Farangi is a 1964 Pakistani Urdu film. It is directed by Khalil Qaiser and written by Riaz Shahid. The film stars Sudhir, Shamim Ara and Agha Talish with Bahar Begum and Allauddin. Set in 1910s and 1920s at the time of British Raj, Farangi revolves around the battle of a Pashtun freedome fighter against the british army. The film was a golden jubilee success and features some memorable poems by Faiz Ahmad Faiz and Sahir Ludhianvi, with music was composed by Rashid Attre. Ara and Talish's performances in the film were praised. At Nigar Awards 1964, it received four awards including Best Actress for Ara.

Plot 

At the time of British Raj, Akbar who hails from tribal areas goes to his house for a week's leave. On arrival, his mother tells him that she has fixed her marriage with Zeba. He first refuses to marry her because he loves Gul, but later agrees when he comes across Nadir Khan, who also wants to marry her. At his return to the army's fort,  the Major of the army compels him to assist them in attacking at his village but he rebels, manages to escape and start disrupting their plans. In the army's attack, Zeba and her son survive but Gul goes blind.

Many years pass away and Akbar, now a rebellious fighter who kills the army's soldiers one day comes across Gul by chance. When she learns that he is fighting against the enemy, she decides to help him in every possible way. They meet in the cave where Gul regularly informs him about the situations.

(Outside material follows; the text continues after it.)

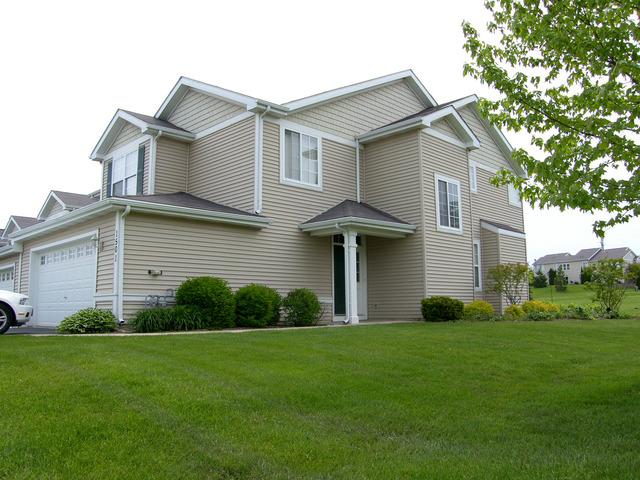 1501 W Remington Ln., Round Lake, IL 60073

When army's Major comes to know that the rebellious fighter who is killing their soldiers is Akbar, he kidnaps Gul and her father. He asks Akbar's address but she doesn't tell anything. They kill her father and she herself suffers a lot but doesn't tell.

On the other hand, Nadir Khan who works for British army kills Zeba when she tries to save Saleem, her son. Saleem escapes but again meets with Nadir Khan who brings him in his house where his mother lives. Nadir Khan's mother who is a determined Pashtun lady, kills her own son when he tries to kill Akbar. There, she gathers the villagers and said them to stand by Akbar Khan as he is fighting fir their freedom.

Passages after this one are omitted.